Posted on 28-06-2021 09:48 | By Kancho

Title: "Transport plan with true emissions goal ? Forget it " Quote " Auckland Transport has conflated spending on public transport on climate change. It may seem logical more buses, trains and ferries means more people riding them , so fewer cars , right? Wrong. Auckland has had strongly rising rates of public transport use for a decade, but emissions have also risen. The reason population growth"

Am I surprised?

Posted on 27-06-2021 13:32 | By

Probably the second most important highway (SH2) in New Zealand has once again been ignored for upgrading to true highway status. While safety upgrades are necessary in some places, not all, road funding is being frittered away just to show NZTA and Regional Councils are doing something albeit road dressing.

Why not just...

Posted on 26-06-2021 15:23 | By morepork

... give every household in the Bay their split on the 2.5 billion ($22,538.98) and we can all take Ubers for the next 10 - 15 years...

The present government...

Posted on 26-06-2021 15:02 | By morepork

... has shown that they dislike motorists and they are listening to whispers from Greens who have tunnel vision.
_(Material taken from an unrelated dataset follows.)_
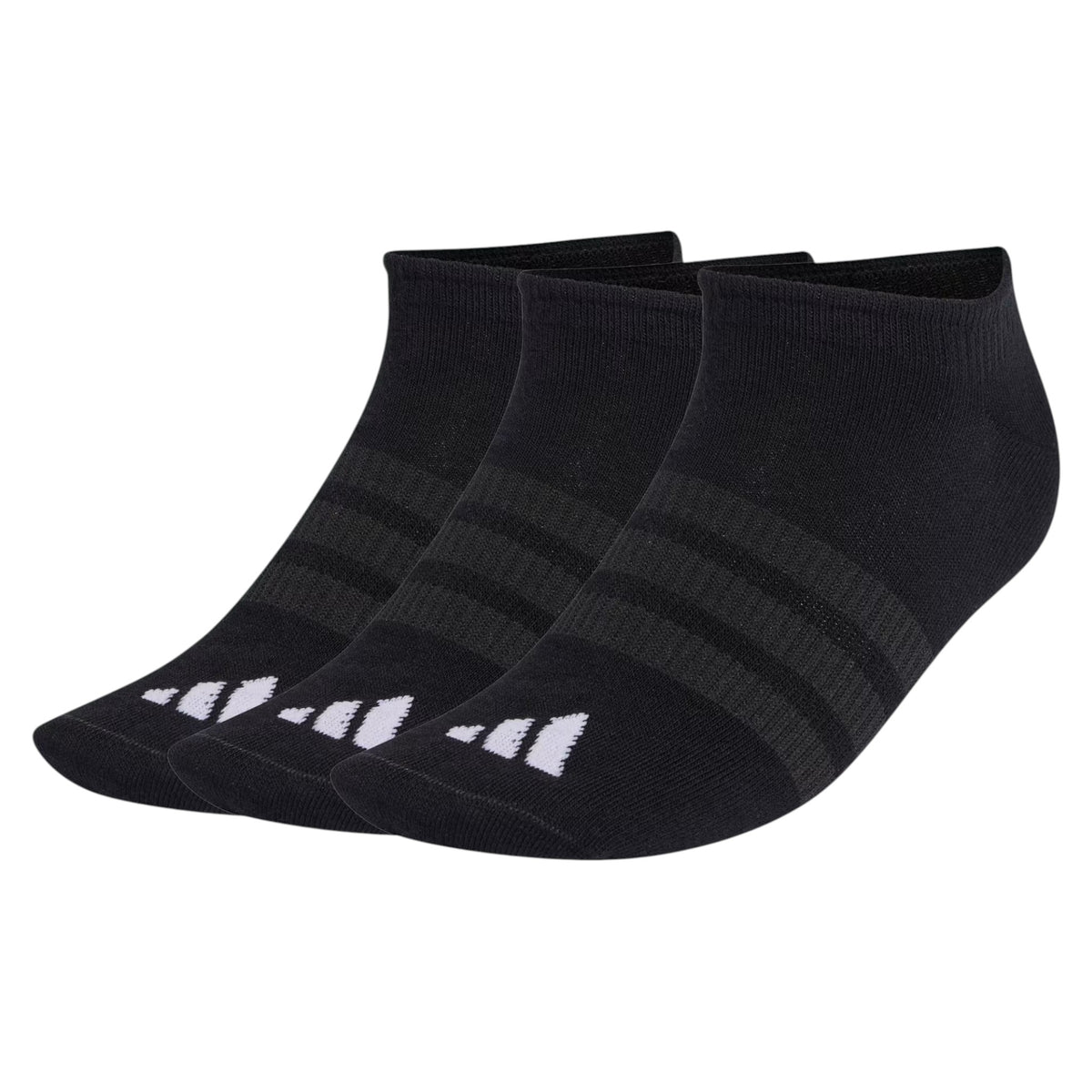 .ADIDAS THIN&LIGHT SPORTSWEAR NO SHOW SOCKS 3 PAIR PACK BLACK/WHITE- (KD6719) - F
Whether it is organic fuel or electricity, the majority of the population rely on cars to take them where and when they want to go. Bikes have a place, but they cannot dictate the use of roads. That is Reality, and its time that environment friendly cars and buses were recognized as NOT needing replacement by bicycles. We should be using smaller, more agile, and cheaper to buy and run buses, and it isn’t rocket science to see that, but nobody has the will or ability to do what is needed. The Community would be much better served with a fleet of eco-friendly minibuses, than the great lumbering buffalo buses that are always empty and a menace to pedestrians and traffic alike.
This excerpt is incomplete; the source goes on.